** The data follows **

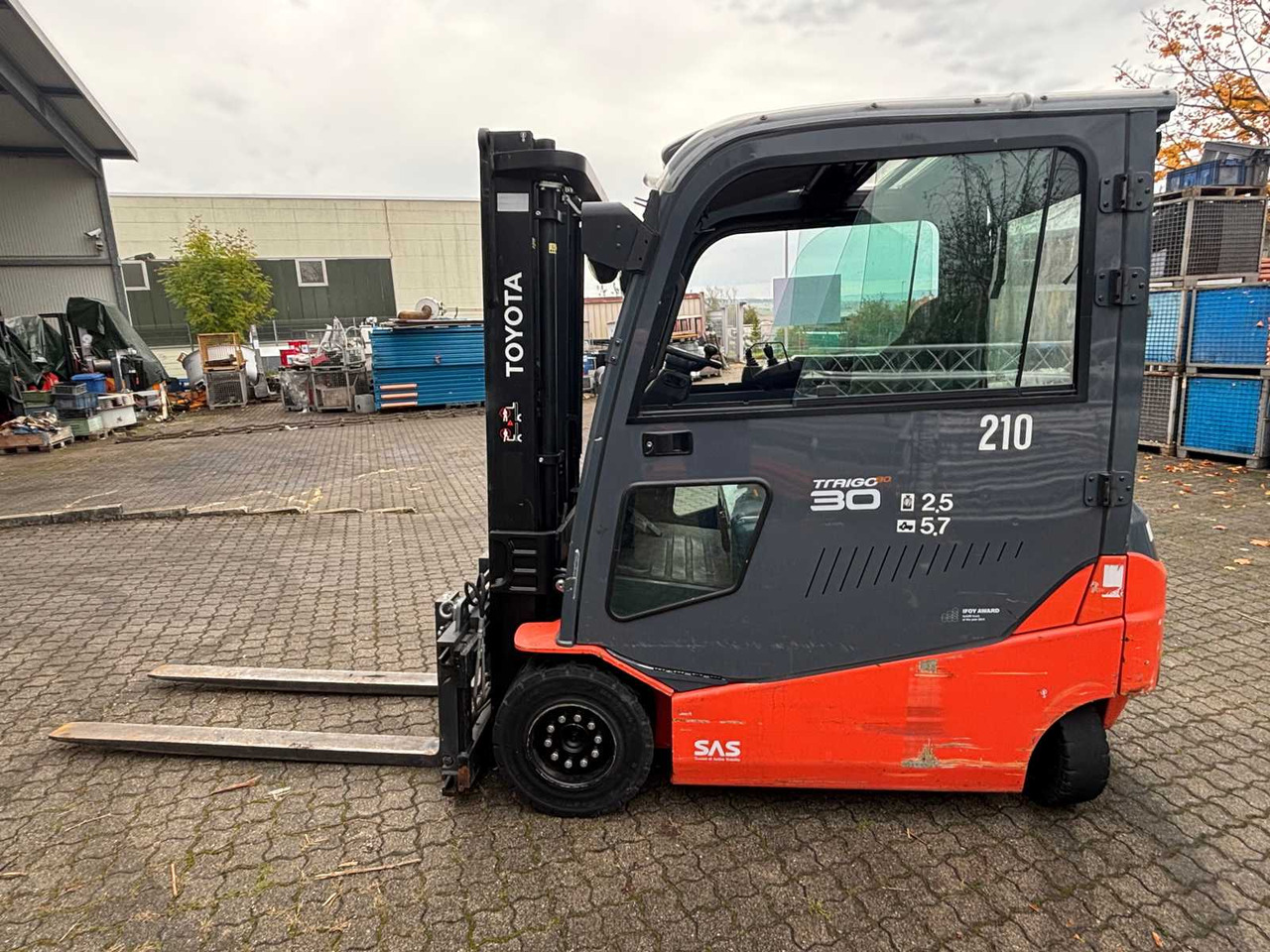 TOYOTA 8FBMT30 ELECTRIC FORKLIFT - Forklift: gambar 1 TOYOTA 8FBMT30 ELECTRIC FORKLIFT - Forklift: gambar 1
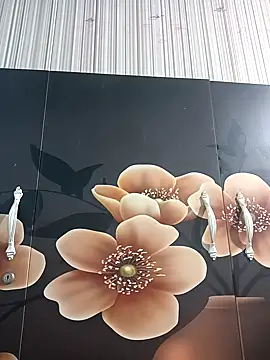 tulip-bae online show from October 12, 4:06 pm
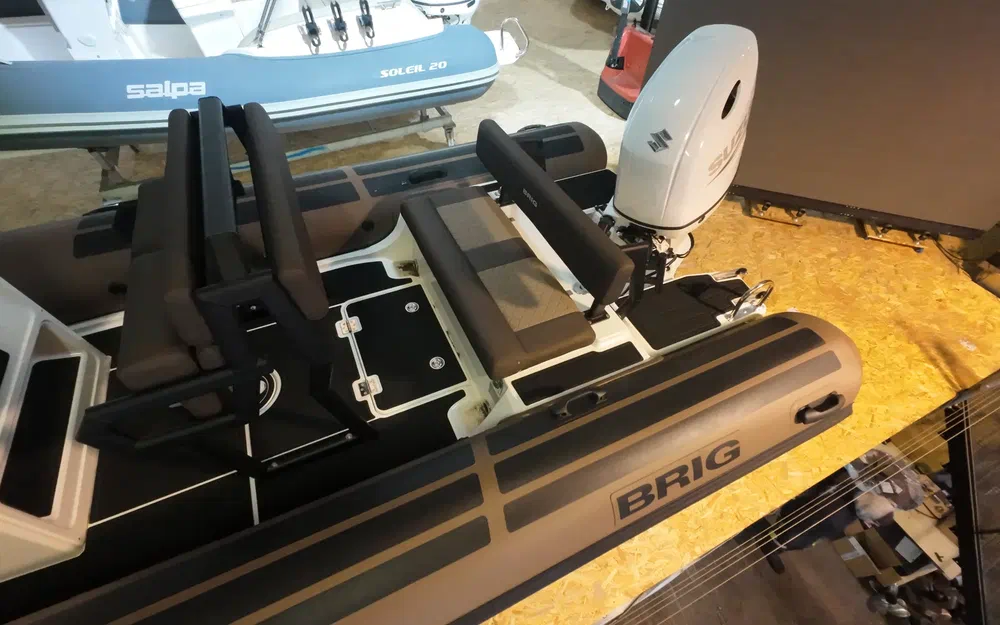 slider 11 Brig Navigator 20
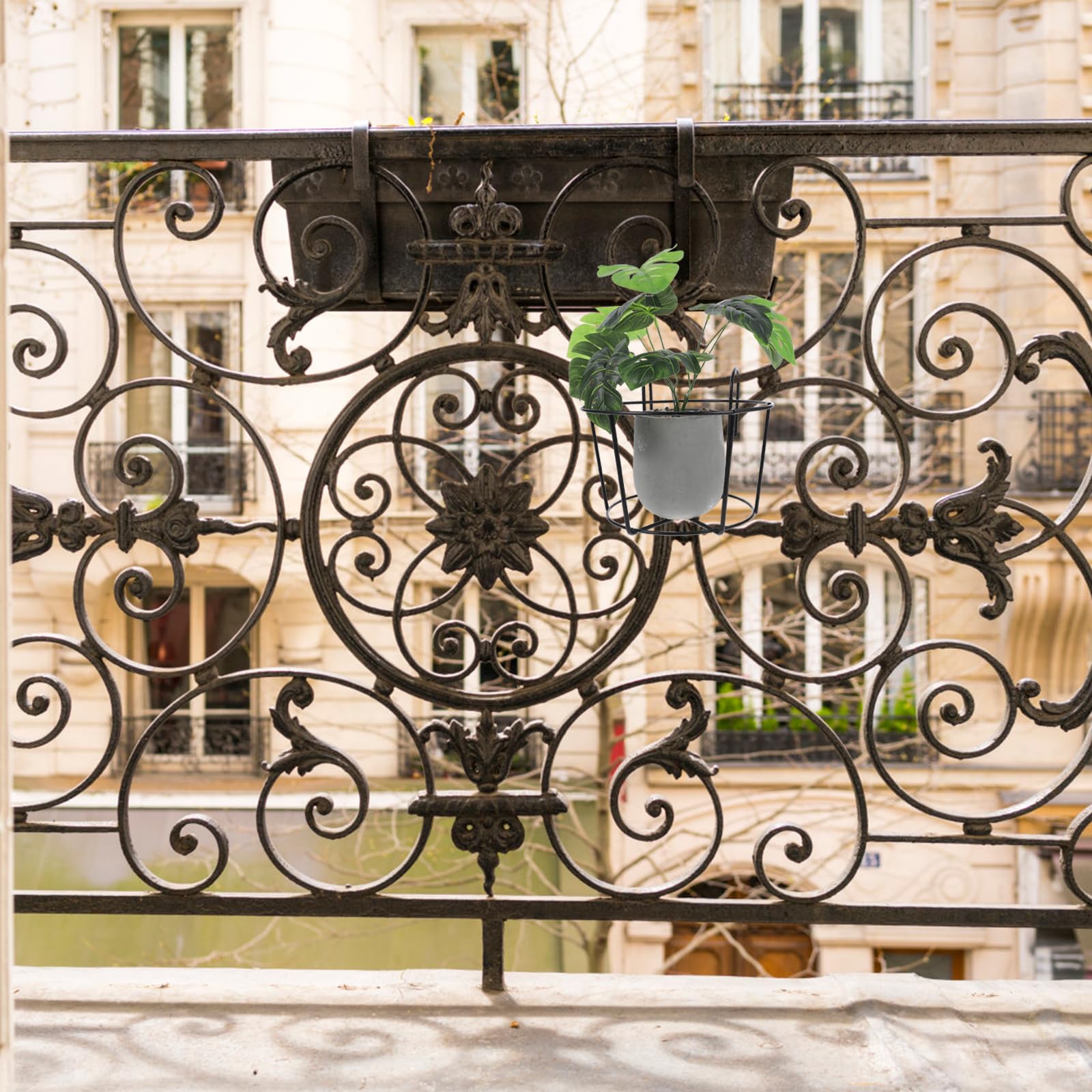 Angoily 2 Pezzi Sospese Portavasi da Fiori, Cesto per Fioriere Sospese, Fioriere per Ringhiere Da Balcone, Nero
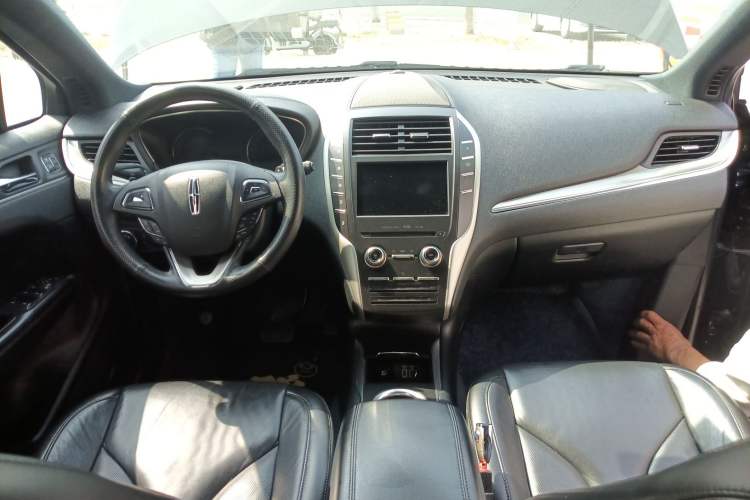 Used Lincoln MKC 2019 2.0T Two-Wheel Drive Luxury Edition China VI Standard
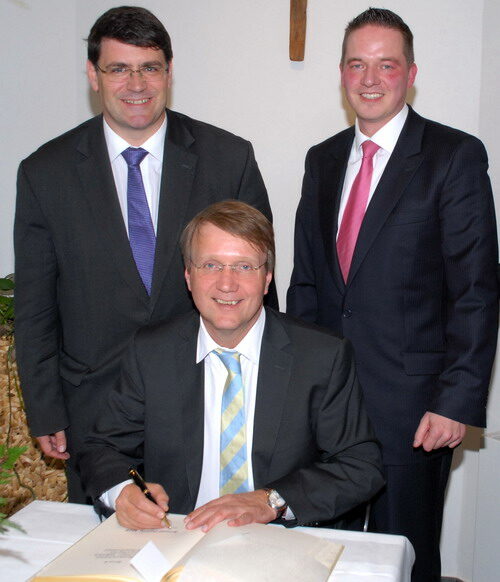 Minister Ronald Pofalla trug sich in das Goldene Buch der Stadt Wesseling ein.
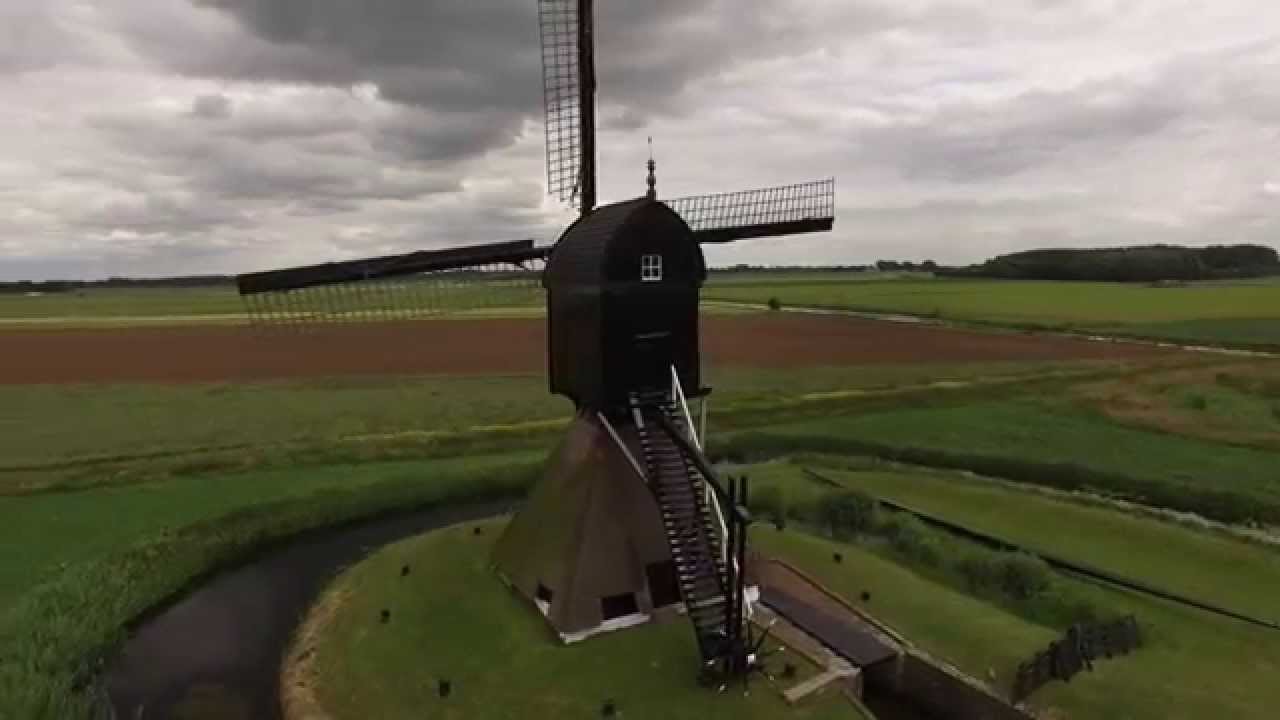 De Zandwijkse en de Uitwijkse molen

** End of The data **

Start with the line holding "Minister Ronald Pofalla" and repeat exactly every line through the final line of the records above, but no pictures and nothing more.

 Minister Ronald Pofalla trug sich in das Goldene Buch der Stadt Wesseling ein.
 De Zandwijkse en de Uitwijkse molen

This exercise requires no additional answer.